Sudan’s public prosecutor has ordered al-Bashir to be interrogated on charges of money laundering and financing terrorism, other senior figures will also be investigated. Al-Bashir is wanted by the International Criminal Court (ICC) for war crimes in Sudan’s Darfur region. He is currently being held in the Kobar high-security prison under heavy guard. The TMC and protesters had been negotiating the formation of a joint civilian-military body to oversee the country until elections, but were deadlocked over who would control the new council and what form the transitional government should take. This resulted in a two-day general strike, bringing much of the country to a standstill. This resulted in briefly renewed negotiations, however, the deadly suppression of a protest in May by Sudanese security forces scuppered a deal which would give opposition leaders two-thirds of seats in a proposed legislative council. This violence came just two hours before said deal was supposed to be signed. The TMC denied they were responsible and blamed ‘rogue units’ for trying to destabilise the peace process.

The Rapid Support Forces (RSF), a government militia separate from the army, were openly blamed by the protestors present and by protest leaders, with many claiming that the RSF had been deployed to derail negotiations whilst providing the TMC with plausible deniability. The RSF has been turned from a counter-insurgency militia into a force that can rival the army. Around 10,000 RSF soldiers are deployed in or close to Khartoum according to observers. Having origins in the Janjaweed militia the RSF are accused of atrocities in Darfur. A 2015 Human Rights Watch report found the RSF had “committed a wide range of horrific abuses”, such as destroying wells, plundering livestock, displacing entire communities, torture, extrajudicial killings and mass rapes. Hemedti, the commander of the RSF, is known to be backed by an informal coalition of diverse supporters who see him as an ally against the Islamist movement; he supplied the majority of Sudan’s contribution to the ground forces of the Saudi-led coalition fighting in Yemen, and can personally count on Saudi support, as well as that of Egypt and the UAE. He is not trusted by elements of the Sudanese army and other institutions which have been long linked to Islamists. Both Saudi Arabia and the UAE provide Hamedti and his forces with weapons and equipment. He is in a powerful position; leading his own loyal army, backed by a number of powerful domestic and foreign actors, it is entirely possible he will use these forces to take control more overtly if he deems it necessary.

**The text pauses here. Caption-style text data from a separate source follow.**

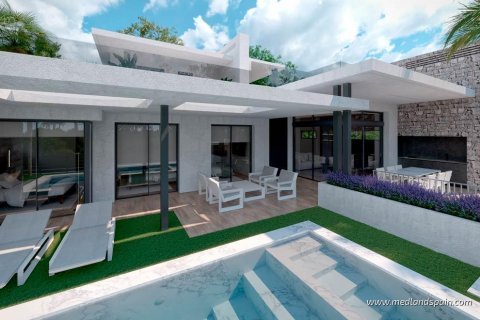 Villa zum Verkauf Los Alcazares, Murcia, Spanien 3 Schlafzimmer, 308 m2 Nr. 108651 - Foto 5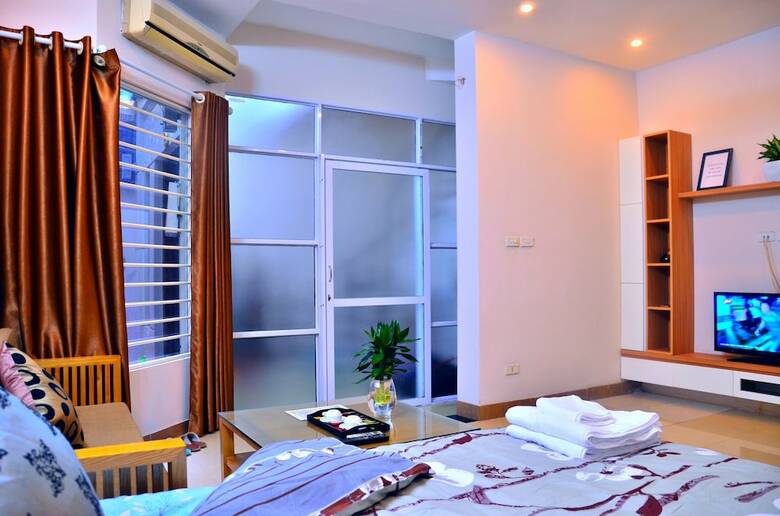 Hotel Mia House Hanoi Central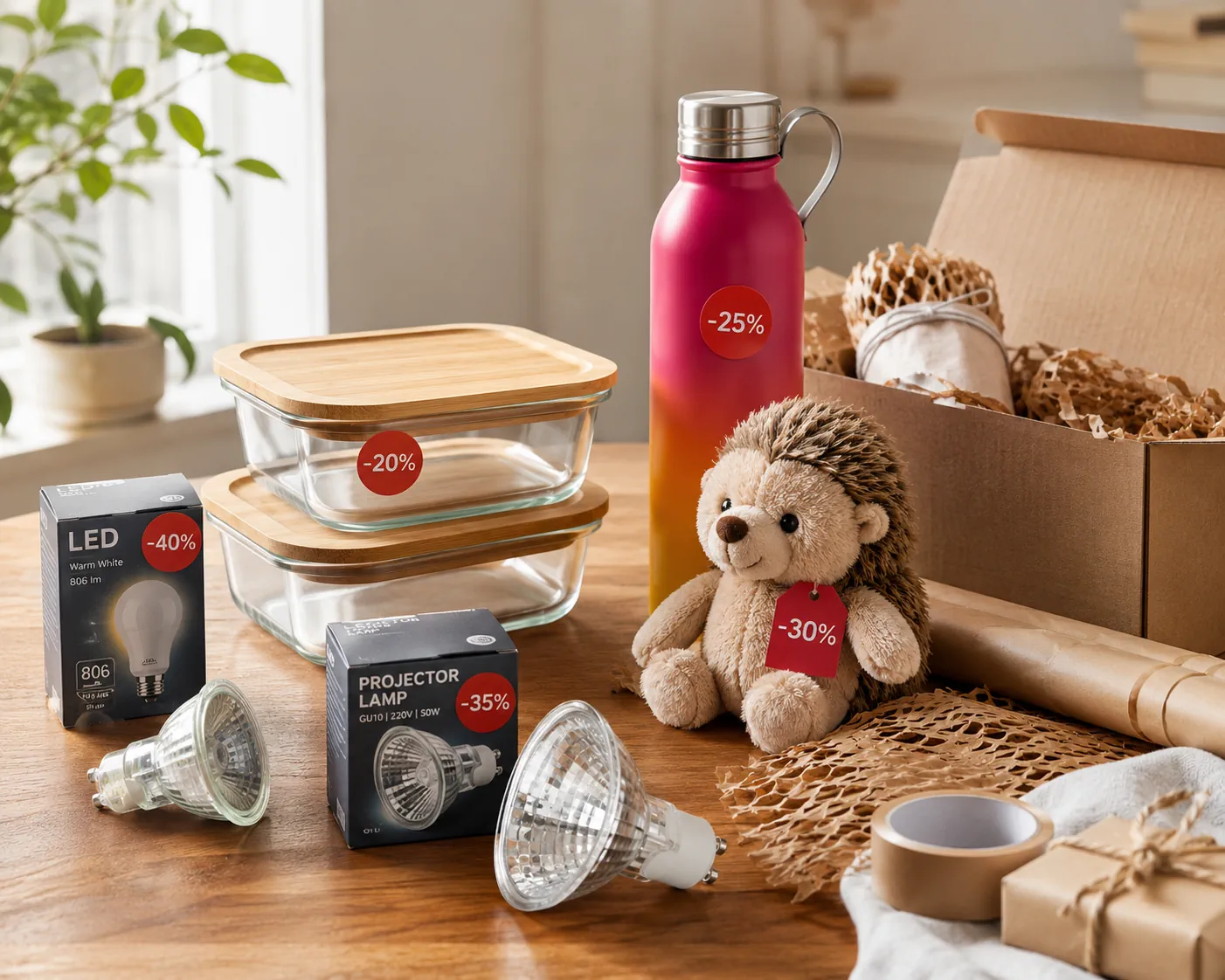 MellysOne Sortiment im Wandel mit Restposten und Lagerware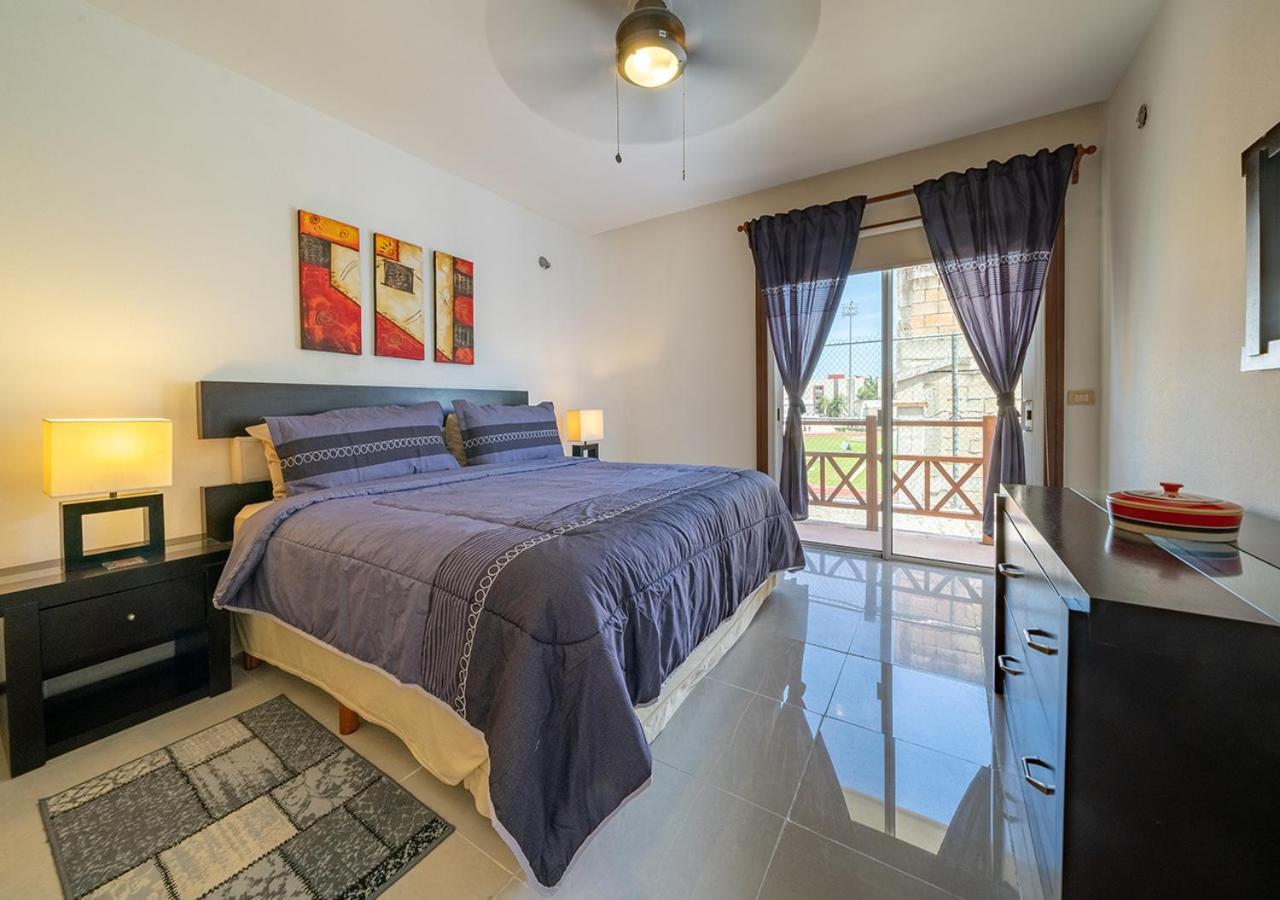 Сasa de vacaciones 2 Bedroom With Pool & Gym - At Quadra Alea - Xaman 201 Playa del Carmen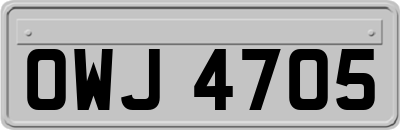 OWJ4705
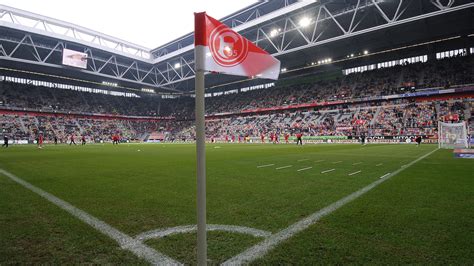 Fc saarbrücken mächtig dampf gemacht. Bundesliga: Fortuna Düsseldorf benennt Esprit-Arena in ...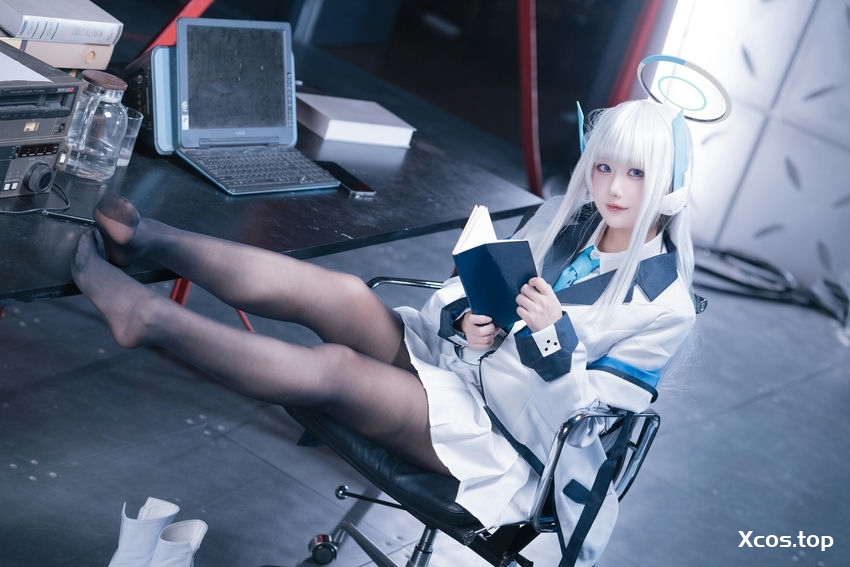 Lunananya - Blue Archive Ushio Noa (生塩ノア) [29P-181MB]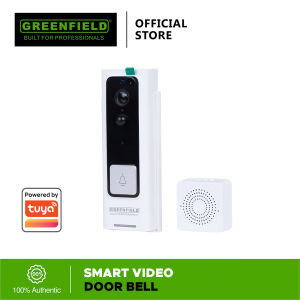 Greenfield Smart Video Door Bell - Door Hardware & Locks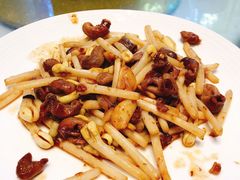 清炒花生芽-顺丰轩园林酒家(天河店)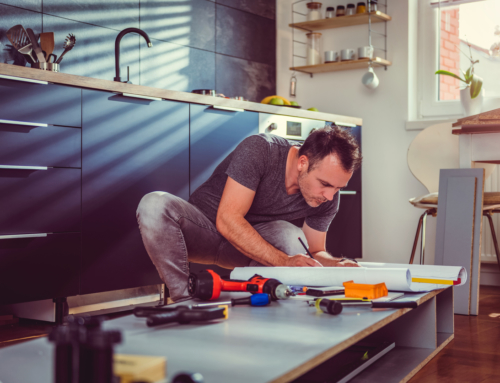 How to Remove Kitchen Cabinets: 8 Steps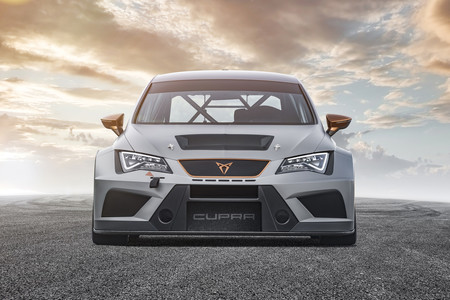 CUPRA León TCR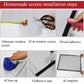 2.5cm Nylon Garment Textile Accessories With Double Sided Adhesive Hook and Loop Fastener, Length: 5m, 2.5cm Wide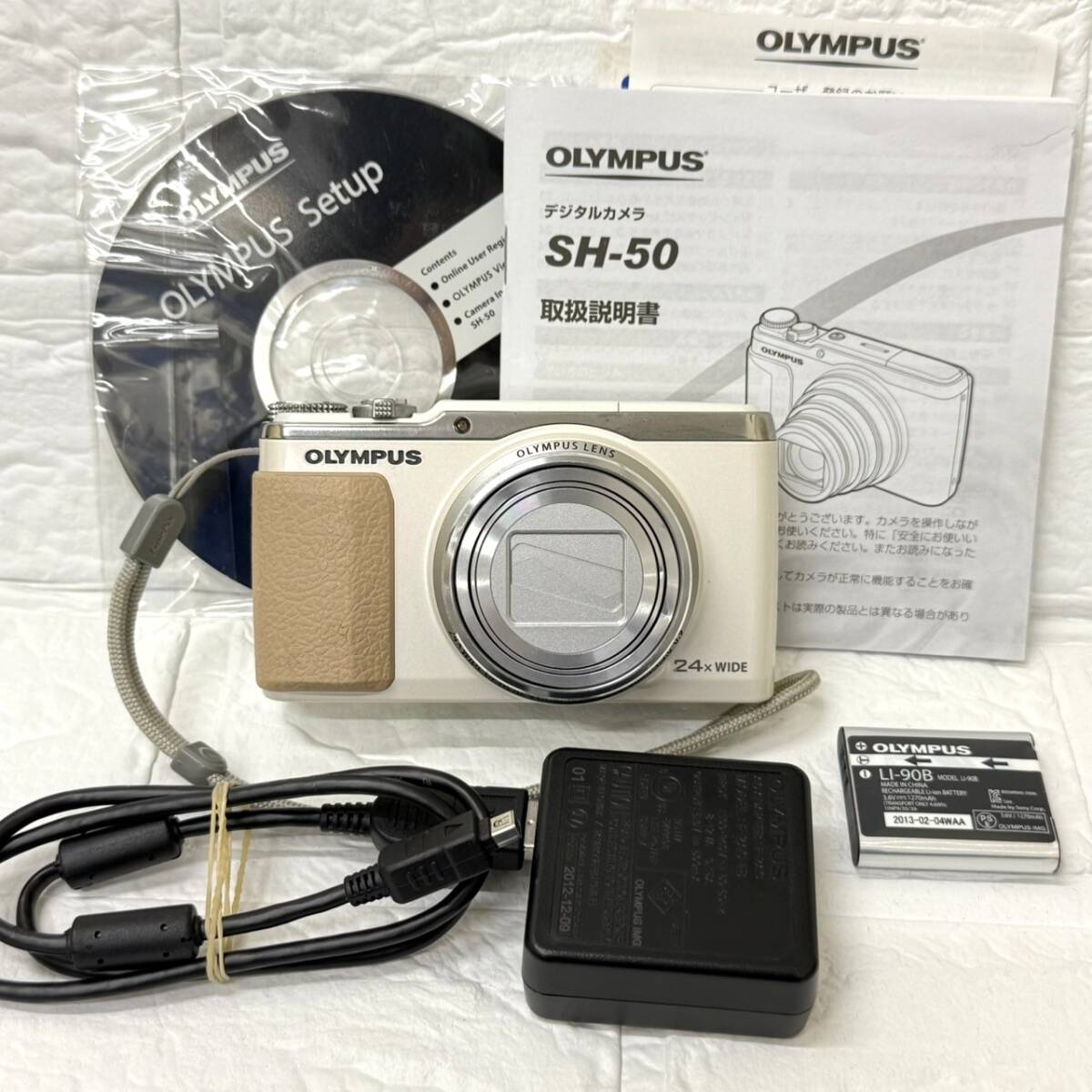 Yahoo!オークション -「sh-50 オリンパス」の落札相場・落札価格 Yahoo!オークション -「sh-50 オリンパス」の落札相場・落札価格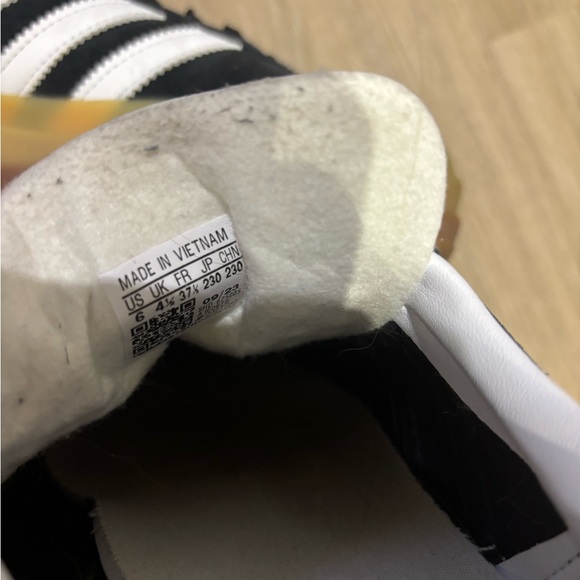 Adidas Gazelle Bold Shoes - Picture 7 of 7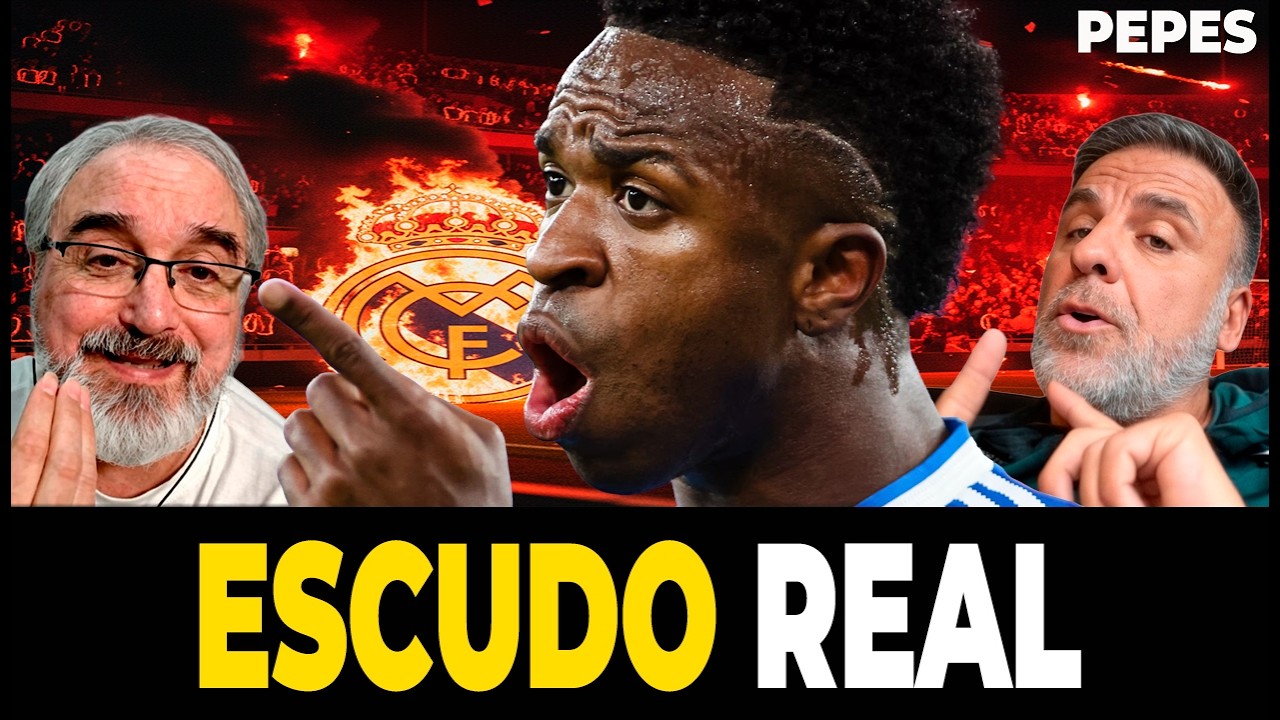✅ LOS PEPES 🥸| HAY QUE CREAR UN PROTOCOLO PARA ACTUAR ANTE EL ODIO AL REAL MADRID EN LOS ESTADIOS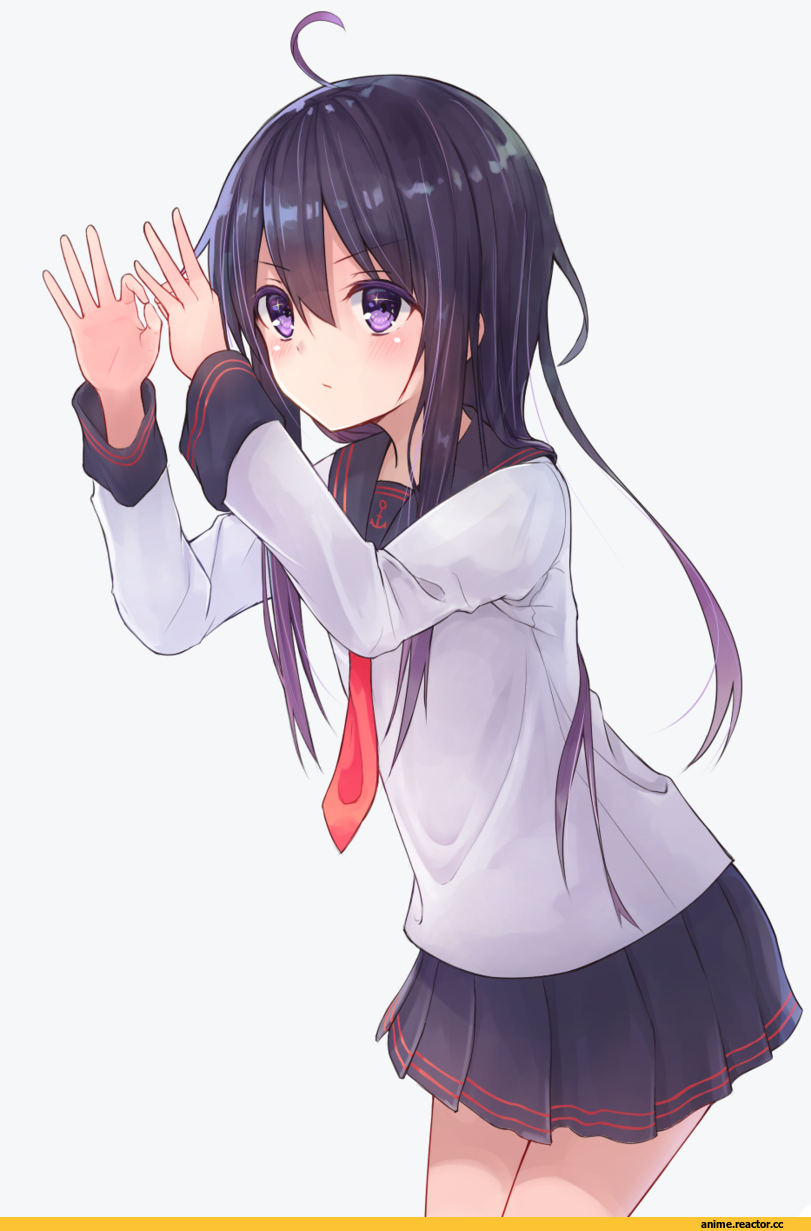 akatsuki (kantai collection), Kantai Collection, hachita (odangoya), Anime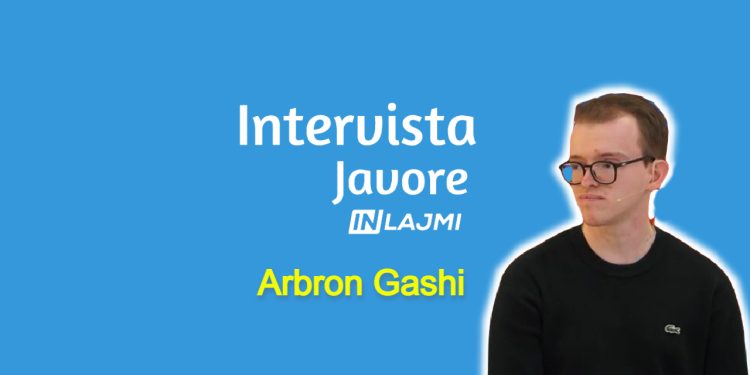 “Shkrimi është pasion për mua”, intervistë me autorin e ri shqiptar që jeton në Zvicër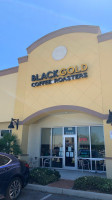 Black Gold Coffee Roasters outside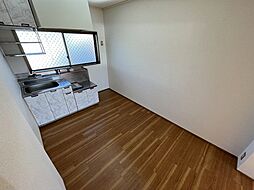 アクトーワン 201 2階2DKのリビング/ダイニング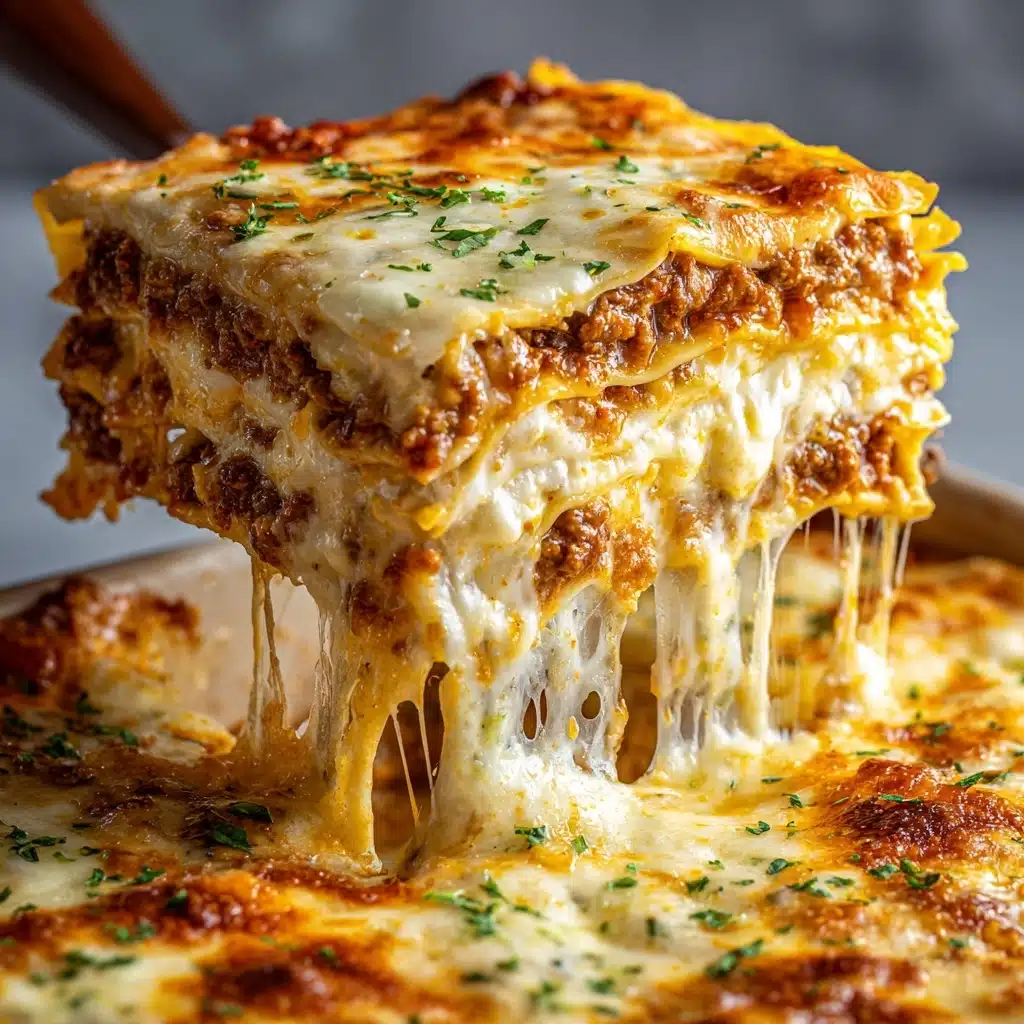 Stuffed Cabbage Casserole Recipe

Sudan’s protest movement must take care not to repeat the mistakes of previous uprisings by rushing into a quick takeover of power, building the solid foundations of a successful, democratic and peaceful civilian rule will be a lengthy process which cannot and should not be expected to end with the first election. They are faced with the formidable task of dismantling al-Bashir’s 30-year regime, and the apparatus he had constructed to prop it up. One such challenge is the relationship between the state and the army, three military coups and 52 years of governments headed by generals has shaped the military perception of its role; the saviour of the nation with the best interests of the people at heart. The military installed al-Bashir’s regime, and at times enjoyed as much as 70 percent of the budget, depoliticising the military and getting its officers accustomed to a new power distribution will take time and carries risk. The protest movement also has the difficulty of undoing 42 years of Islamist influence on the country, failure to do so will risk Sudan backsliding into autocracy. Sudan must avoid a recurrence of the situation witnessed in Egypt, where rushed elections allowed the well organised Muslim brotherhood to gain power. Sudan needs time to develop its political parties so that any election can be fairly contested. Part of this will involve the Sudanese people having to ‘learn’ democracy; decades of authoritarian rule and conflict has eroded people’s trust in political forces and the state, this trust will have to be re-established if democracy is to succeed.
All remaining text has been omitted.